By Thomas Heath
Washington Post Staff Writer
Friday, November 6, 2009
Allied Capital reported a third-quarter loss of $140.7 million (79 cents a share) as the publicly traded investment firm took a $117 million expense to restructure its debt in a tight borrowing climate.
The results compared with a loss of $318.3 million ($1.78 per share) for the same period last year, when Allied wrote down the value of its investments in a contracting economy.
The results marked the seventh straight quarterly loss for Washington-based Allied, which announced last month that it would be acquired by Ares Capital of New York for $648 million in an all-stock deal.
The acquisition is expected to close in the first quarter of 2010. The company said it would set a date for a special meeting to seek shareholder approval of the sale to Ares.
The company's third-quarter net investment income declined 79 percent from the same period a year ago, to $9.6 million. Assets declined 39 percent from a year ago, to $2.84 billion.
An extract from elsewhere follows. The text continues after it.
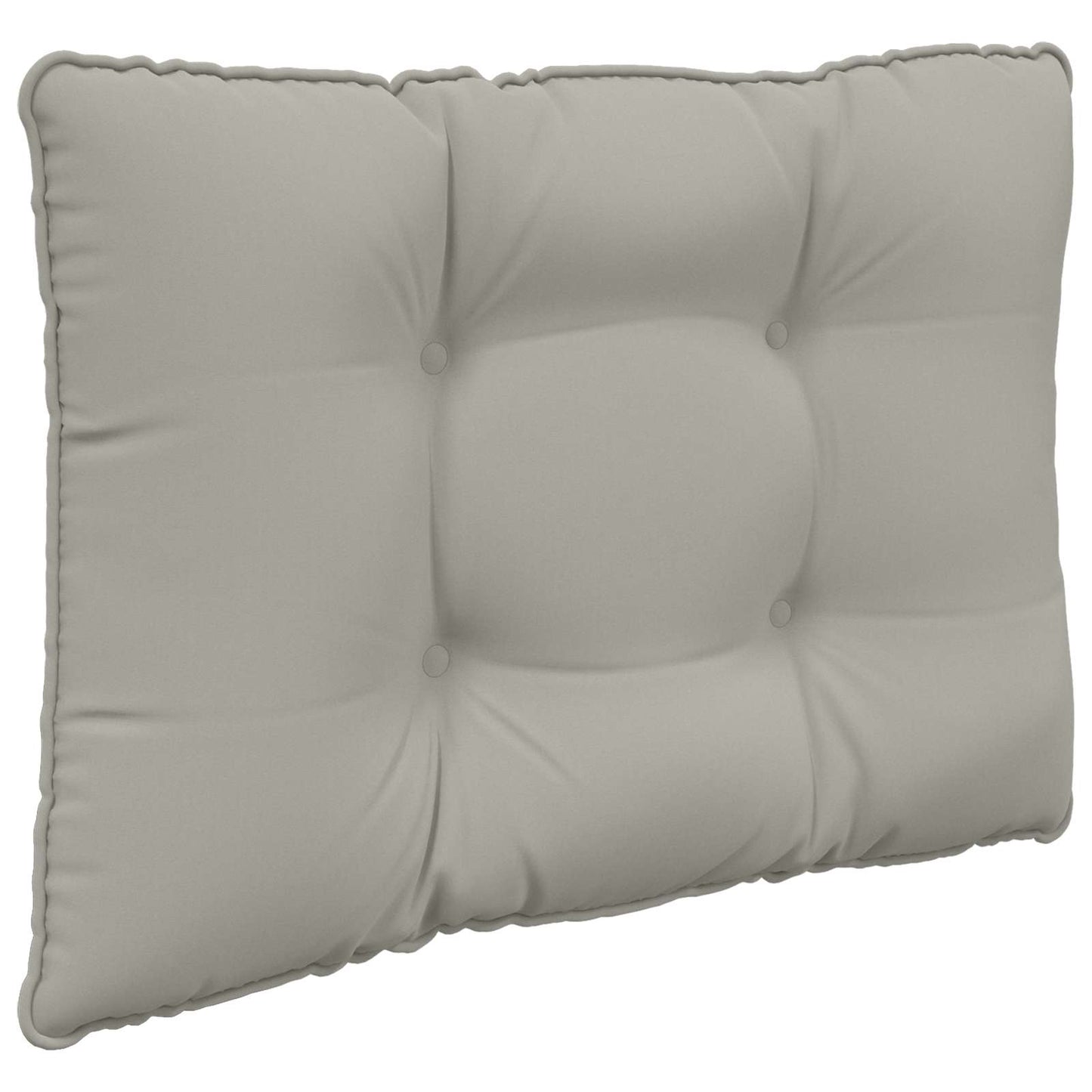 Udendørs Sofa Pude Polyester Grå 60 x 50,5 x 8 cm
"Most of the loss from the third quarter of 2008 was driven by a write-down of assets," said analyst Scott Valentin of FBR Capital Markets. "This quarter, you had only a $28 million write-down of assets, which means asset values seem to be stabilizing, unfortunately at a very low level. But Allied had a $117 million charge on renegotiating its debt, so that was a big expense."
Allied is a business-development company that operates like a private equity firm. It invests in and helps grow and manage, small and mid-size businesses. It receives tax advantages from the federal government in return for paying most of its profits to shareholders in the form of dividends.
Allied canceled its dividend earlier this year as it sought to preserve capital.